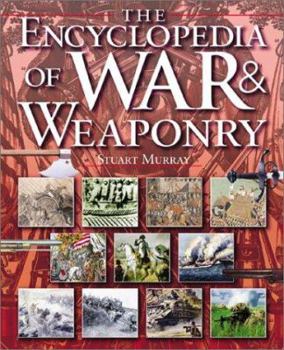 Paperback The Encyclopedia of War & Weaponry Book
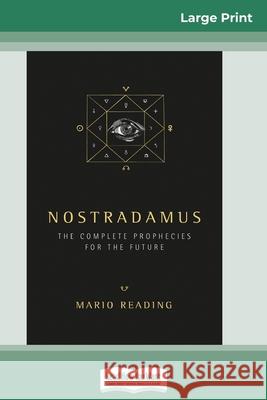 Nostradamus: The Complete Prophecies for the Future (16pt Large Print Edition) Mario Reading 9780369325105 ReadHowYouWant
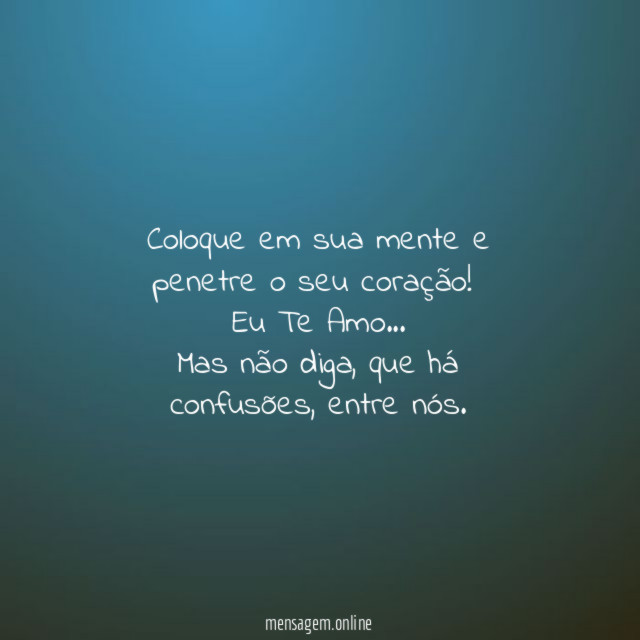 Coloque em sua mente e penetre o seu coração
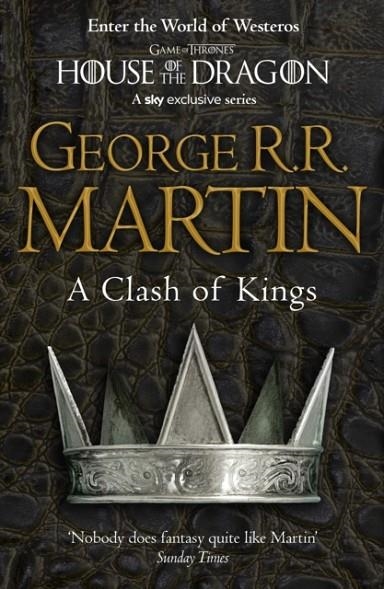 CLASH OF KINGS, A | 9780007447831 | GEORGE R R MARTIN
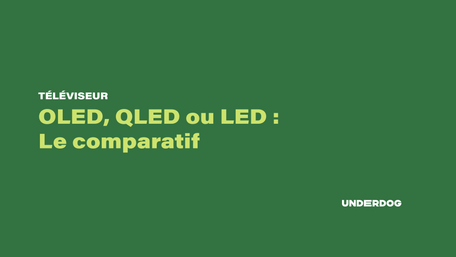 Comparatif téléviseur oled,qled et led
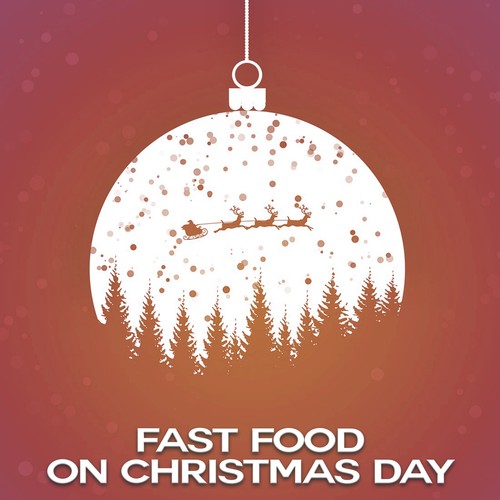 Fast Food on Christmas Day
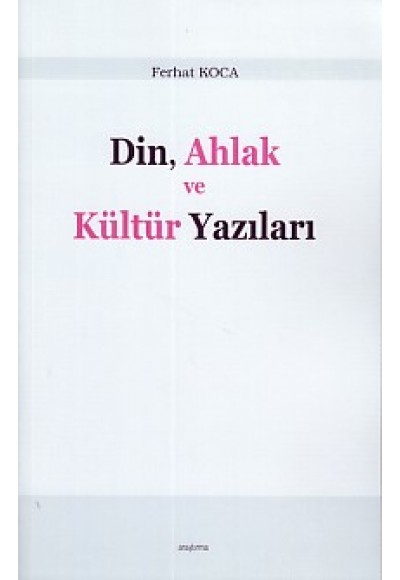 Din, Ahlak ve Kültür Yazıları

********************

An exact copy of the entries, minus the pictures, is what to return.

 Paperback The Encyclopedia of War & Weaponry Book
 Nostradamus: The Complete Prophecies for the Future (16pt Large Print Edition) Mario Reading 9780369325105 ReadHowYouWant
 Coloque em sua mente e penetre o seu coração
 CLASH OF KINGS, A | 9780007447831 | GEORGE R R MARTIN
 Comparatif téléviseur oled,qled et led
 Fast Food on Christmas Day
 Din, Ahlak ve Kültür Yazıları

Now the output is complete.